1\. Public Statements, reason for this is that many people have tried to
publish various forms of malware, and then when apple rejected the app, they
cried fowl and pretended like Apple was being unreasonable in its reviews. In
fact, this is the PRIMARY reason that people think that Apple is strict in
what it will let in the App Store. EFF is misrepresenting what the agreement
says here, putting spin on it.

Revers Engineering-- The claim that this covers legal reverse engineering is
created from whole cloth by the EFF, the section does not refer to types of
reverse engineering, merely protects apples rights regarding such. Thus EFF is
straight up lying.

App Store Only: Apple provides the SDK for free, and part of the deal is that
it is to be used for deploying apps for iOS on the app store only. (This is
not the case with the Mac SDK) Charactersizing Lydia as a "competing app
store" is straight up dishonest. IT requires jailbreaking devices, which
results in greatly reduced reliability and is bad for consumers, opening them
up to malware, yet the EFF is effectively endorsing exposing consumers to
malware here.

"No Tinkering" \- Obviously, Apple doesn't want people circumventing their
protections against malware and getting malware past the review process.

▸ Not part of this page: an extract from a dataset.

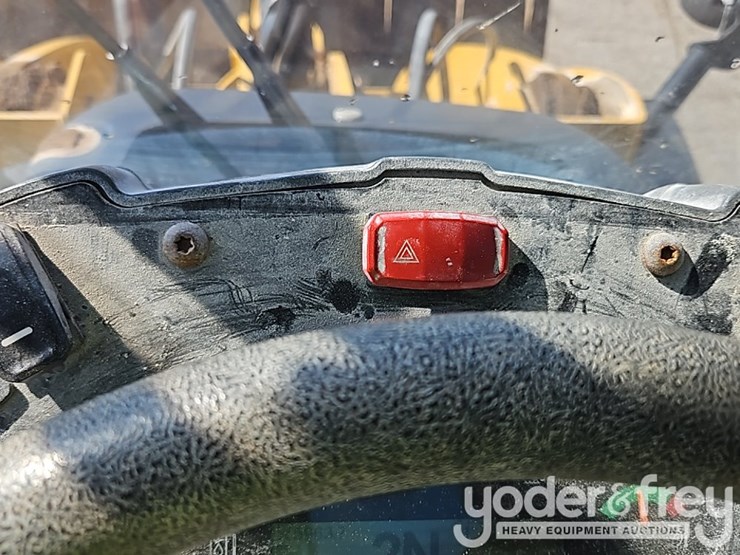 2018-caterpillar-914m-image-39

"Apple owns security" \-- A profoundly dishonest comment given that Apple has
done so much to protect security that a governor is trying to get a law passed
that will let the government snoop again. The EFF apparently doesn't care
about his, but uses the fact that you can't use a security bug claim to
circumnavigate the review process to pretend like Apple leaves people exposed.
Another straight up lie.

Kill your App-- yes, if malware gets in there, it can be shut down. Ignoring
the reasoning for this puts a hard, dishonest spin, in fact as far as I'm
concerned, makes it a lie.

This is also true of google's store. So, given that the EFF is publishing on
android, they obviously don't care about this too much... yet they put it in
here to bash Apple, making them both hypocrites and liars.

" and we certainly will not wrap our app in DRM."

DRM that signs the app to prevent it from being tampered with, which keeps the
users data secure.

So the EFF here is rejecting keeping users data secure.

They care more about grandstanding than integrity and protecting consumers.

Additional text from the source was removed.